YOUR ASSIGNMENT >> Reproduce the material below only from the line with "#Artificial_Jewellery# - #Salvanity_Salvan" to the line with "LEGO part Flag", both included, keeping each line exact and dropping the pictures.

(EXCERPTED RECORDS begins)

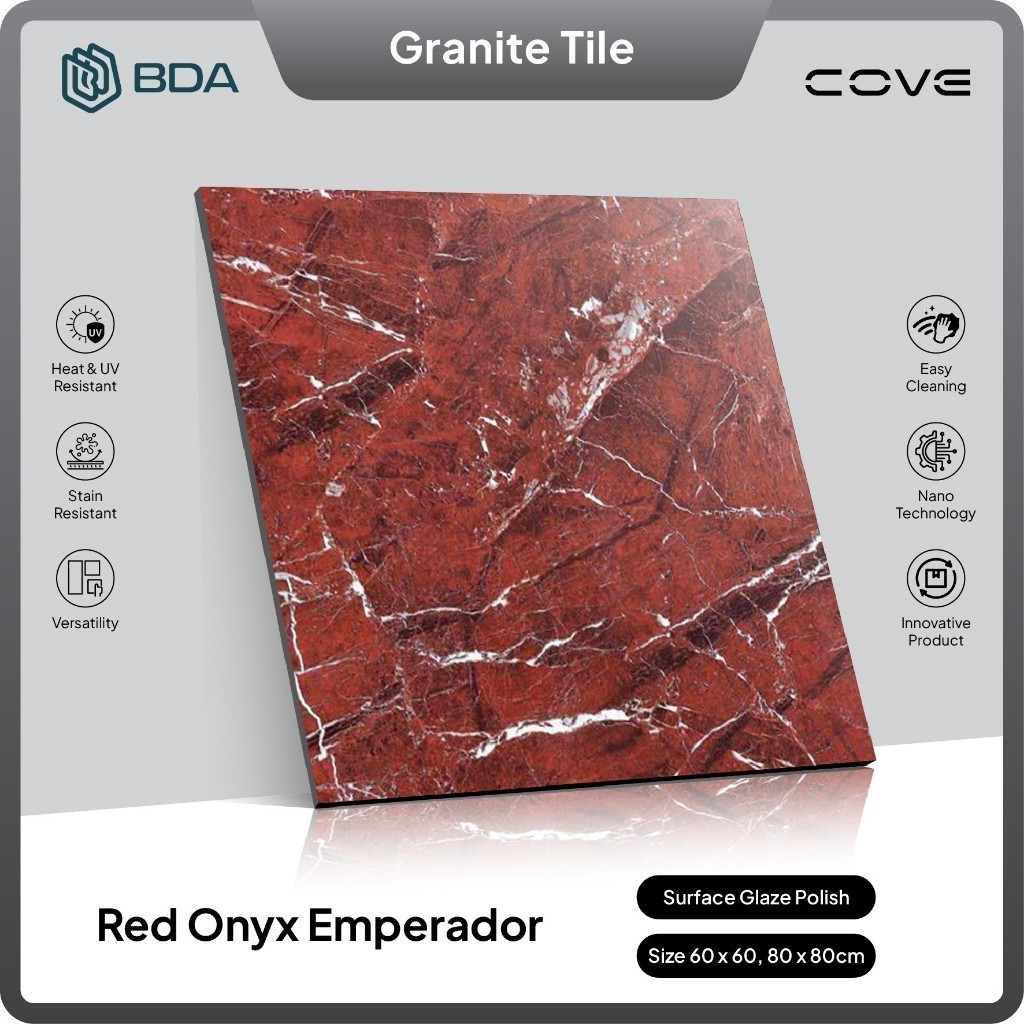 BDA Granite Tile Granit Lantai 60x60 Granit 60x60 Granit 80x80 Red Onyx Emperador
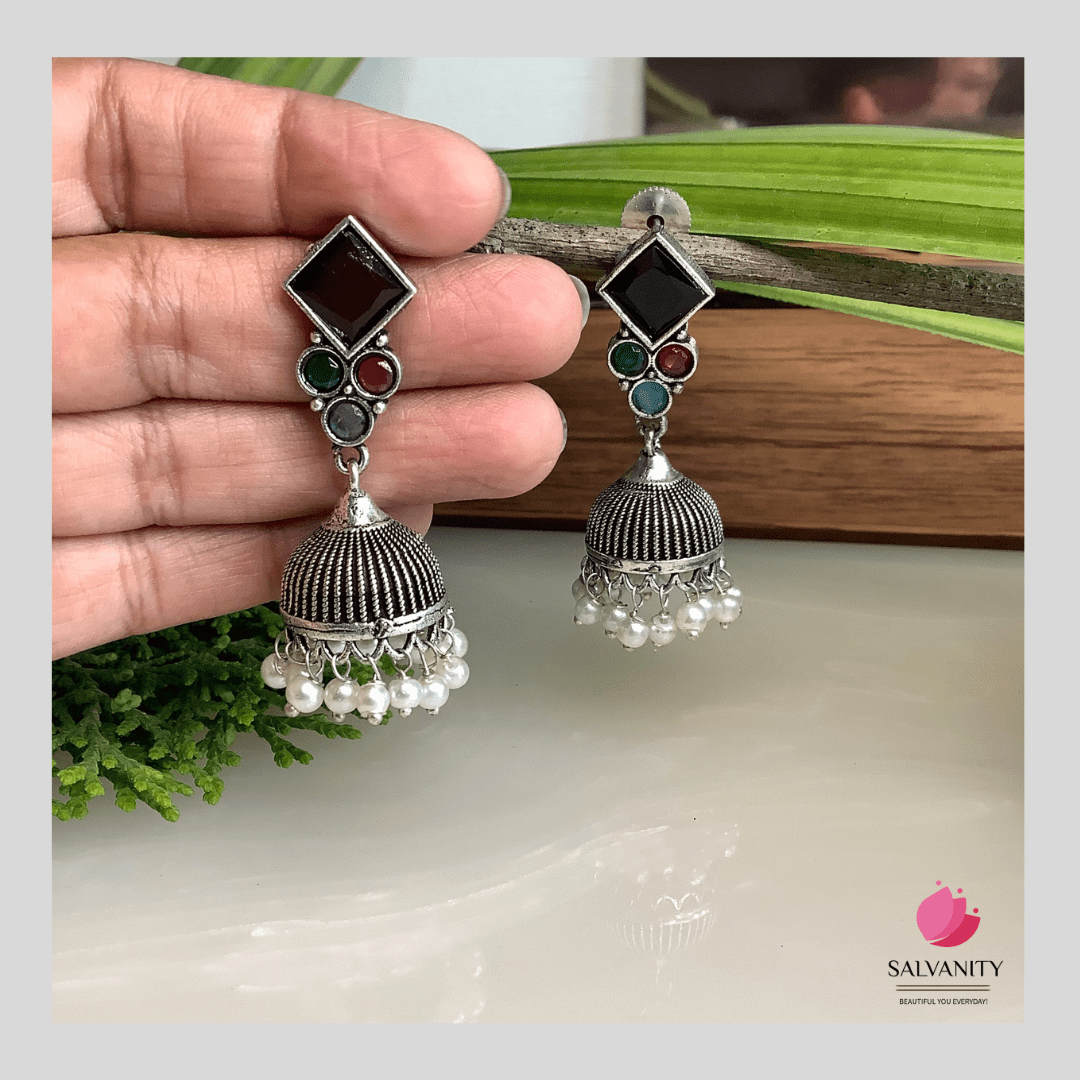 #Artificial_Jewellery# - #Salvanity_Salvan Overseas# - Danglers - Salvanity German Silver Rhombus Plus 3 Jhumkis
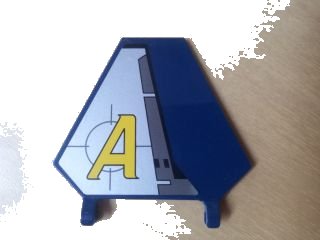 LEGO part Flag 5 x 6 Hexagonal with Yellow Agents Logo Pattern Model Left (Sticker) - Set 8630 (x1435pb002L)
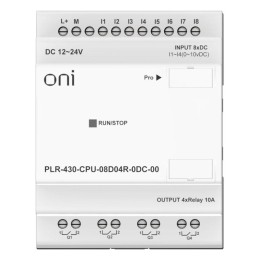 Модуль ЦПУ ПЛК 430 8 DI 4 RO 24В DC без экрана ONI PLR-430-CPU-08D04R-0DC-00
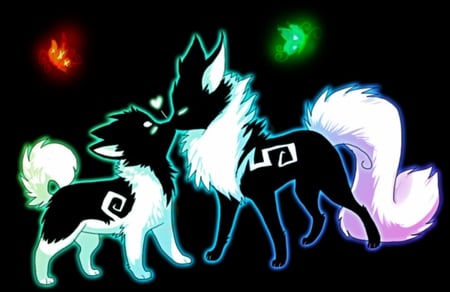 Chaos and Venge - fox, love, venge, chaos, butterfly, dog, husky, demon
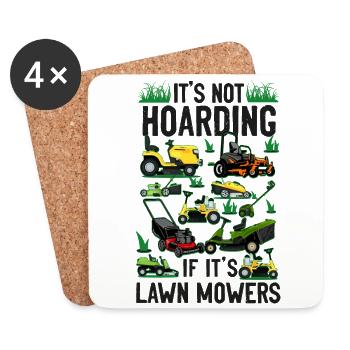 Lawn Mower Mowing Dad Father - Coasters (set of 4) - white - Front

(EXCERPTED RECORDS ends)
(EXCERPTED RECORDS begins)

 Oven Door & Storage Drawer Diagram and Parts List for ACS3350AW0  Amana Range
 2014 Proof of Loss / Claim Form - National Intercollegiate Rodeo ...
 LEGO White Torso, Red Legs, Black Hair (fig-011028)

(EXCERPTED RECORDS ends)

REPLY >>
 #Artificial_Jewellery# - #Salvanity_Salvan Overseas# - Danglers - Salvanity German Silver Rhombus Plus 3 Jhumkis
 LEGO part Flag 5 x 6 Hexagonal with Yellow Agents Logo Pattern Model Left (Sticker) - Set 8630 (x1435pb002L)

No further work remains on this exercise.